> **Work order**
Where an image appears, leave it out; otherwise repeat the data exactly.

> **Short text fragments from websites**
==========

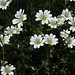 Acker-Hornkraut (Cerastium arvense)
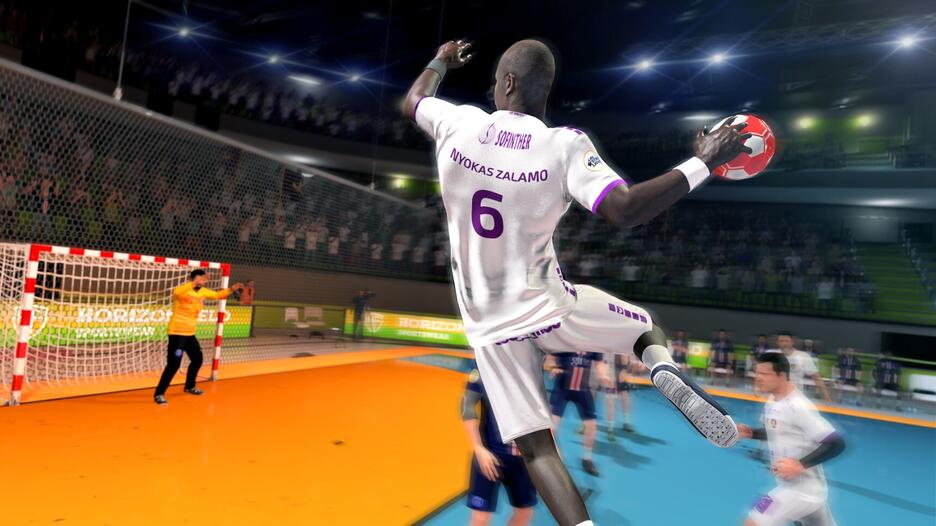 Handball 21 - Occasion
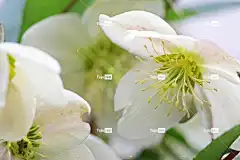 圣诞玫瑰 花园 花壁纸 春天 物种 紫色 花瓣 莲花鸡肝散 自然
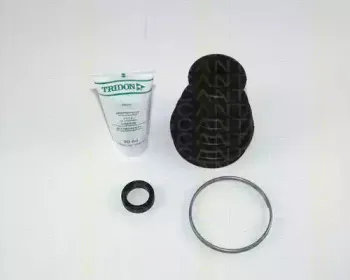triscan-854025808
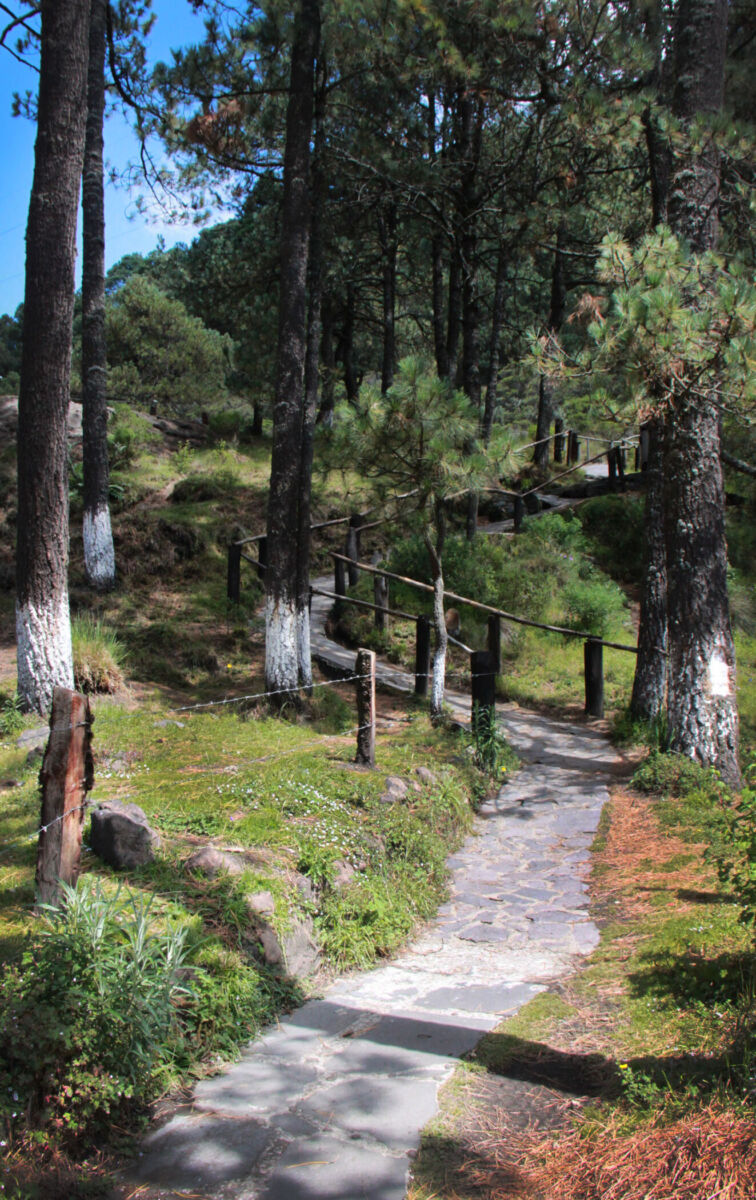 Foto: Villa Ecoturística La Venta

==========

> **Response for this exercise**
 Acker-Hornkraut (Cerastium arvense)
 Handball 21 - Occasion
 圣诞玫瑰 花园 花壁纸 春天 物种 紫色 花瓣 莲花鸡肝散 自然
triscan-854025808
 Foto: Villa Ecoturística La Venta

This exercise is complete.